David Hare’s play about two women involved with the same man is simply not his best play.

Stockard Channing and Jane Alexander
in The Breath of Life
(© T. Charles Erickson)
Stockard Channing and Jane Alexander
in The Breath of Life
(© T. Charles Erickson)

When actresses the caliber of Jane Alexander and Stockard Channing agree to appear in a previously-unproduced-in-Manhattan David Hare play, theatergoers’ pulses quicken. But while The Breath of Life, now at the Westport Country Playhouse, offers both Tony Award winners ample opportunities to charge their whiz-bang batteries and keep ticket-buyer’s hearts aflutter, the raw material, even as deftly directed by Mark Lamos, is far from the brightest feather in the prolific Hare’s cap.

Channing is Frances Beale, a successful popular novelist, who’s cruised over to the Isle of Wight for a visit with Madeleine Palmer (played by Alexander). Frances’ reason for the drop-by is that she’s about to write a book about herself and her philandering husband, Martin. Madeleine, whose field is Islamic art, happens to be someone with whom Martin cheated — and who is now being cheated on by Martin with a younger Seattle-based American woman.

Over the course of 24 hours — extended because Madeleine misses the late afternoon boat to the mainland — Frances and Madeleine talk, circling each other on Michael Yeargan’s homey, cluttered Islamic-art-influenced set like boxers deciding when to throw the first meaningful punch. During the attenuated colloquy, they exchange reminiscences of their separate experiences with Martin as well as share confidences about their deprived, paradoxically liberated lives without the two-timing gent.

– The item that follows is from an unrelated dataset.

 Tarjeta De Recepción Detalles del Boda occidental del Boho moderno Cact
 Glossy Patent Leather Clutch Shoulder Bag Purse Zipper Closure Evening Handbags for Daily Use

There’s something to be said for the tentative solace they eventually offer each other, but there isn’t a great deal to be lauded for what amounts to the absence of a meaningful confrontation — or even for a satisfying explanation why Frances has sought the meeting. She mentions writing the Frances-Martin story as memoir rather than fiction, which, incidentally, is a literary genre Madeleine disrespects. But whether she even means to incorporate Madeleine in her book is an issue that goes unexplored, let alone exploited for stage fireworks.

Hare hands the smart and articulate characters (originally played by Maggie Smith and Judi Dench in London) any number of good lines, the tangiest of which go to Madeleine. She also confesses she was completely in love with Martin, but, on the dialogue’s evidence, his treatment of her left wounds somehow more easily healed. The role of Frances comes off as the weightier half of the seesaw. The betrayed wife and mother is profoundly tormented by having been betrayed at such length, and Channing, hair pulled back and hanging past her shoulders, misses no chance to convey the pain Frances endures.